Published : Jun 03, 2016, 02:38 PM ISTUpdated : Mar 31, 2018, 07:05 PM IST
Diageo asks Tribunal to release Mallya's $70 million buyout

Synopsis

 

British liquor giant Diageo Plc filed an interlocutory application seeking the vacating of the DRT's order barring liquor baron Vijay Mallya from withdrawing his $75 million exit buyout till the disposal of a SBI case against him over a loan default.

 

"The Tribunal will decide which applications should be heard on the priority basis and also set a timeline for disposing all the pending applications," DRT Presiding Officer Benakanahalli said, posting the matter for a hearing on June 7.

 

On Thursday, Diageo Plc had filed the interlocutory application seeking the vacating of DRT's March 7 order.
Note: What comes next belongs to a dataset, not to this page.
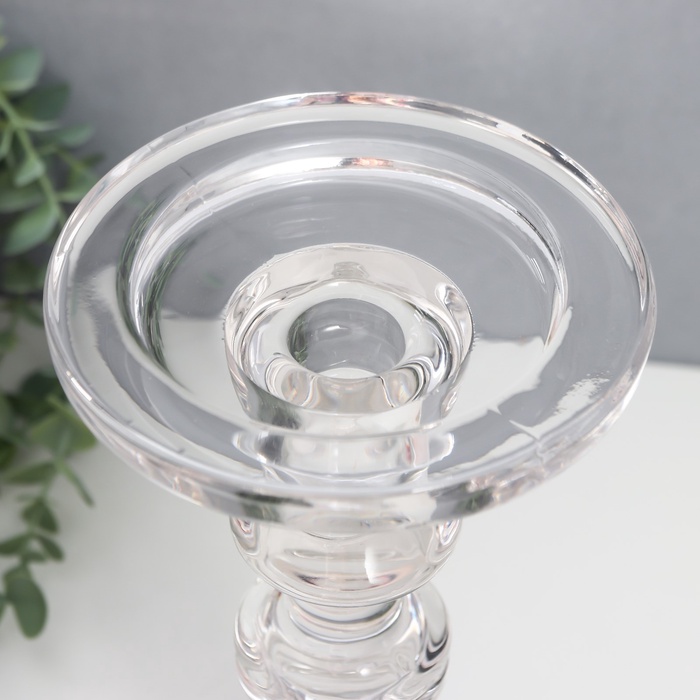 Стеклянный подсвечник на 1 свечу «Кёльн», d=2.5 см, 7.5 см, прозрачный, 11×11×23 см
The DRT had barred Mallya from withdrawing his $75 million exit payment from Diageo until the disposal of a case over a loan default by Kingfisher Airlines.

 

It had restrained Diageo and United Spirits Limited, owned by the UK-based firm, from temporarily disbursing the amount to Mallya who worked out the deal under a severance package.

 

However, the $40 million of the $75 million severance package deal had already been disbursed, following which the bankers' consortium had sought directions from the Tribunal to attach the amount before it.

 

Following a directive of the Tribunal, Diageo Plc and its two subsidiaries submitted the details of the severance package deal, in which the bankers figured out that $40 million of the $75 million was parked in an account held by Vijay Mallya in the New York-based JP Morgan Bank.

 

On May 17, the DRT ordered JP Morgan Bank to not disburse to Mallya the $40 million and asked it to "attach" (submit) before it statements of accounts held by Mallya in the bank.